Land of the Blind
Page 11
“Louis,” Eli said. “You’re in.”
2 | THE LEAST UNHAPPY
The least unhappy, I once read, are those who never attempt what is beyond men. I think this must be true—what else would a failed politician say?—but I also think such an idea assumes the same boundaries for all men.
This is not the case.
So it didn’t matter that as soon as Eli stood up that day, another ball took his legs out from under him and he was put out of the game. It didn’t matter that as soon as Louis ran into the game, Erskine Davies threw a ball that thwacked against his little shoulder and sent him sprawling. It didn’t matter that as I stood against the wall, stupefied by what I’d seen, a hard rubber ball racked my ’nads and my team was officially, brutally, put out of yet another game of battle ball.

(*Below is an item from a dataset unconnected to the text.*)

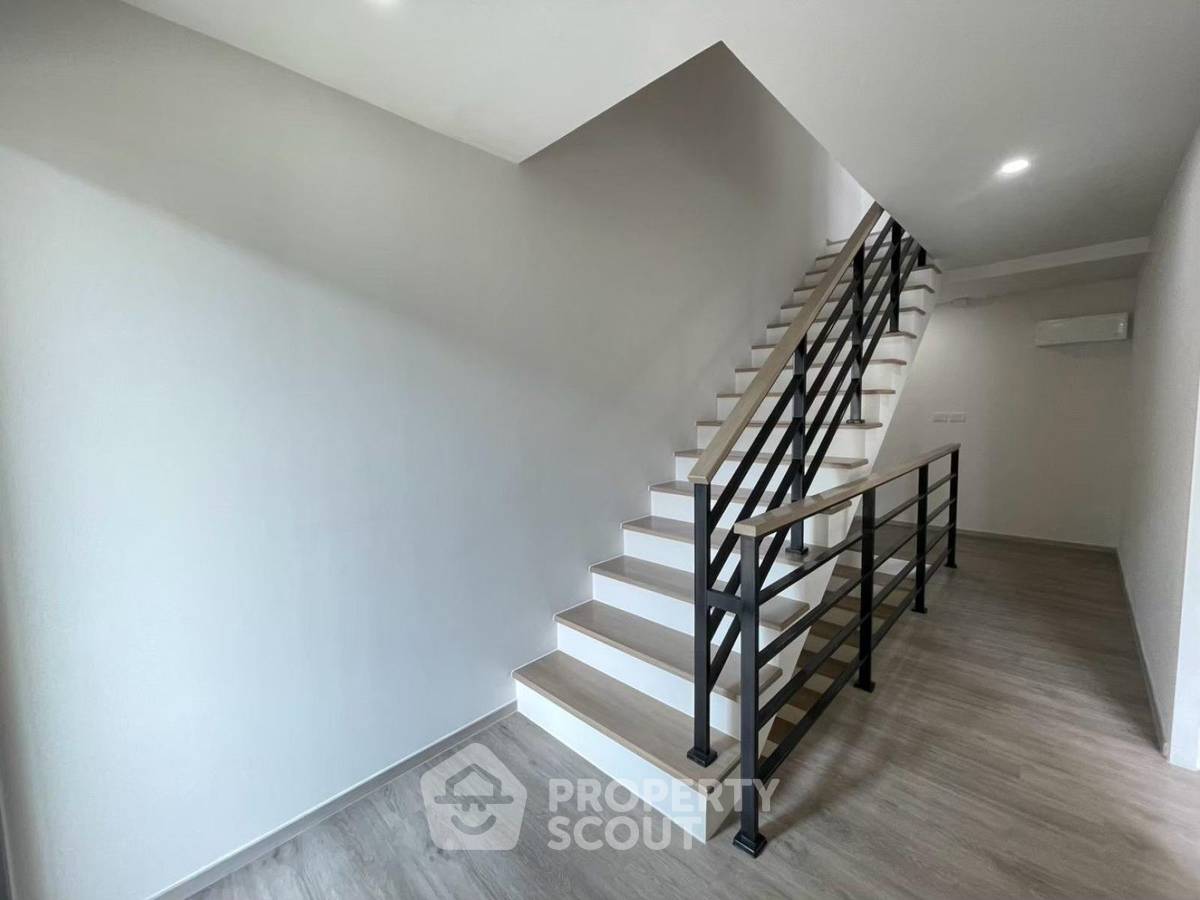 รูป ขายบ้าน 4 ห้องนอน Altitude Kraf Bangna ย่านบางแก้ว (ID 3443704) - รูปที่ 5/13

It didn’t matter because we’d all seen something amazing, seen it with our own eyes, an act of such superhuman coordination and concentration, it would have seemed unlikely in the hands of the great prematurely bearded quarterback Kenny Dale. From a hunkering SpEd like Eli Boyle? It was a fucking miracle.
For days the story was told all over school—by the SpEddies as a kind of fable, the story of what could be accomplished with hard work and faith, and by the rest of the kids as a rich and impossible tale, a Ripley’s moment, the world’s largest fungus, the beard of bees, the stream of water running up a pipe, the twenty-six-foot-long tapeworm, the man who fellates himself, the dog who flies a Cessna, the turnip with a map of the world on its surface. The mildly retarded kid driven into the air in a game of battle ball, hit by nine balls at once, who still managed to reach out with one hand and catch the tenth.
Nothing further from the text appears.